Question

If mean and variance of eight numbers 3, 7, 9, 12, 13, 20, x and y be 10 and 25 respectively, then x.y is equal to

Answer 1

Hint: Now we know that the mean of n values is given by $\dfrac{\text{sum of values }}{\text{number of values}}$ hence using this formula we can find the value of x + y.

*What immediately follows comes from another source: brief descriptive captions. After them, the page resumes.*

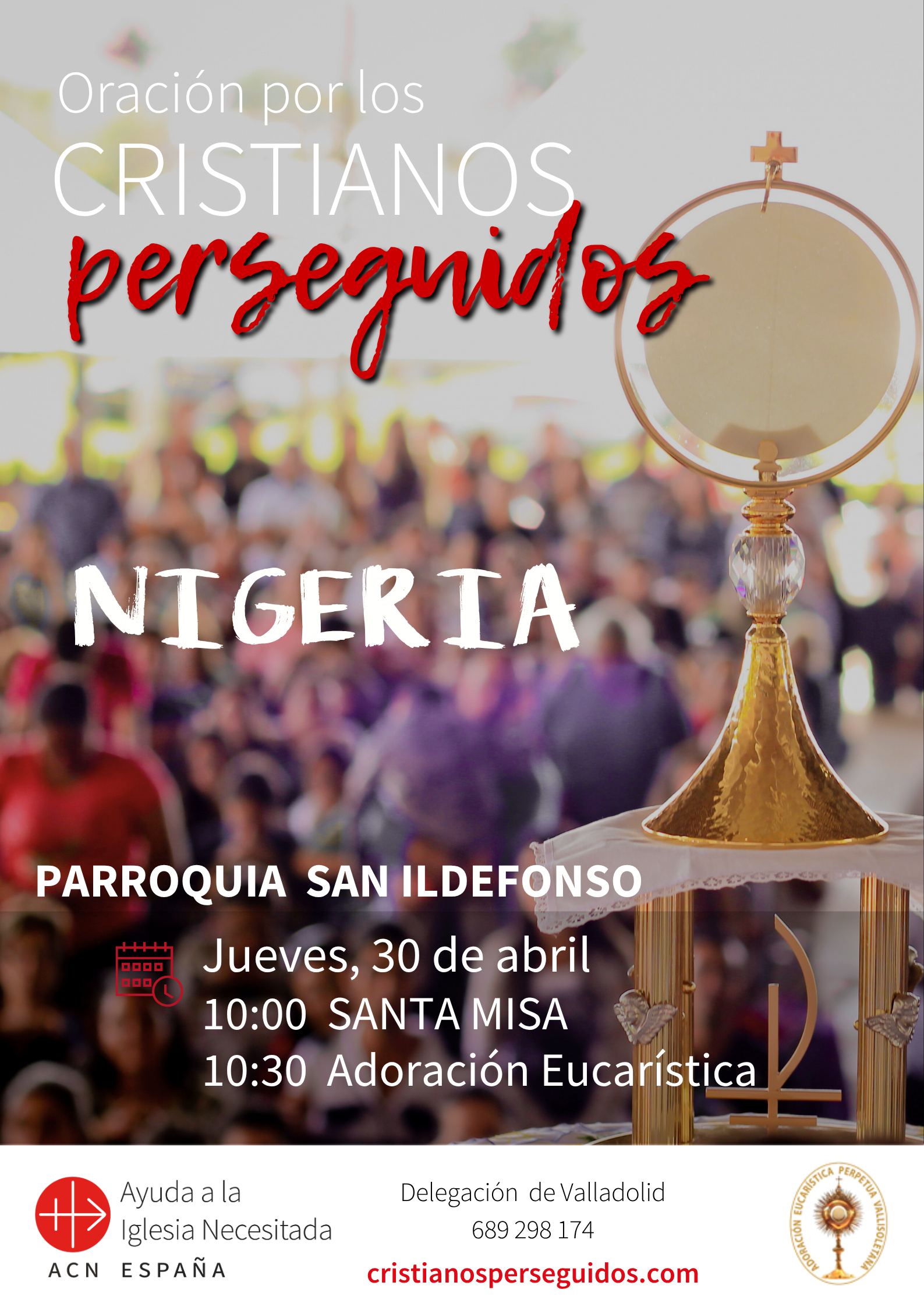 Adoración eucarística por los cristianos perseguidos en Valladolid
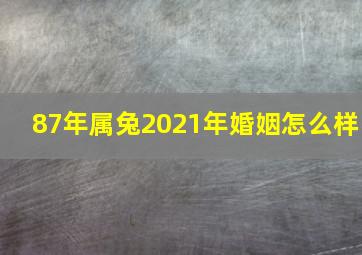 87年属兔2021年婚姻怎么样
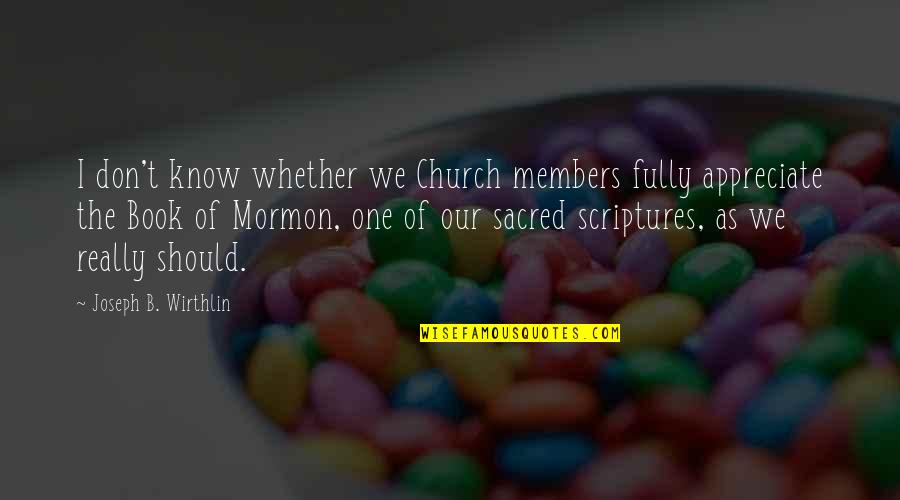 The Best Book Of Mormon Quotes By Joseph B. Wirthlin: I don't know whether we Church members fully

Now we also know that the formula for variance of ${{x}_{1}},{{x}_{2}},.....{{x}_{n}}$ is given by the formula $\dfrac{{{x}_{1}}^{2}+{{x}_{2}}^{2}+...+{{x}_{n}}^{2}}{n}-{{\mu }^{2}}$ where $\mu $ is the mean of ${{x}_{1}},{{x}_{2}},.....{{x}_{n}}$ Hence using this we will find the value of ${{x}^{2}}+{{y}^{2}}$ . Now we will use the formula ${{\left( a+b \right)}^{2}}={{a}^{2}}+{{b}^{2}}+2ab$ and then substitute the value of x + y to find the value of x.y

Complete step by step answer:
Now first we know that the mean of eight numbers 3, 7, 9, 12, 13, 20, x and y is 10.
The mean of n values is given by $\dfrac{\text{sum of values }}{\text{number of values}}$ . Hence using this we get
$\dfrac{3+7+9+12+13+20+x+y}{8}=10$
Multiplying the equation by 8 we get
64 + x + y = 80.
Hence x + y = 80 – 64 = 16
Hence we get x + y = 16 ……………………………… (1)
Now we are also given that the variance if data is 25.
Variance of data ${{x}_{1}},{{x}_{2}},.....{{x}_{n}}$ is given by the formula $\dfrac{{{x}_{1}}^{2}+{{x}_{2}}^{2}+...+{{x}_{n}}^{2}}{n}-{{\mu }^{2}}$ where $\mu $ is the mean of ${{x}_{1}},{{x}_{2}},.....{{x}_{n}}$
Now consider the given values
3, 7, 9, 12, 13, 20, x and y
Their variance is given as 25 hence we get
$\begin{align}
  & \dfrac{{{3}^{2}}+{{7}^{2}}+{{9}^{2}}+{{12}^{2}}+{{13}^{2}}+{{20}^{2}}+{{x}^{2}}+{{y}^{2}}}{8}-{{10}^{2}}=25 \\
 & \Rightarrow \dfrac{9+49+81+144+169+400+{{x}^{2}}+{{y}^{2}}}{8}=125 \\
 & \Rightarrow 852+{{x}^{2}}+{{y}^{2}}=1000 \\
 & \Rightarrow {{x}^{2}}+{{y}^{2}}=148 \\
\end{align}$
Now we know that ${{\left( a+b \right)}^{2}}={{a}^{2}}+{{b}^{2}}+2ab$
Hence we get ${{\left( x+y \right)}^{2}}-2xy=148$
Now substituting the value from equation (1) we get.
${{16}^{2}}-2xy=148$
$\begin{align}
  & \Rightarrow 256-148=2xy \\
 & \Rightarrow xy=\dfrac{108}{2} \\
\end{align}$

Hence we get x.y = 54.

Note: Note that in this solution we get two equations in x and y, Here we have made use of formula ${{\left( a+b \right)}^{2}}={{a}^{2}}+{{b}^{2}}+2ab$ to simplify the equation but we can also solve them by substituting the values of x or y from equation (1) and then solving the quadratic equation.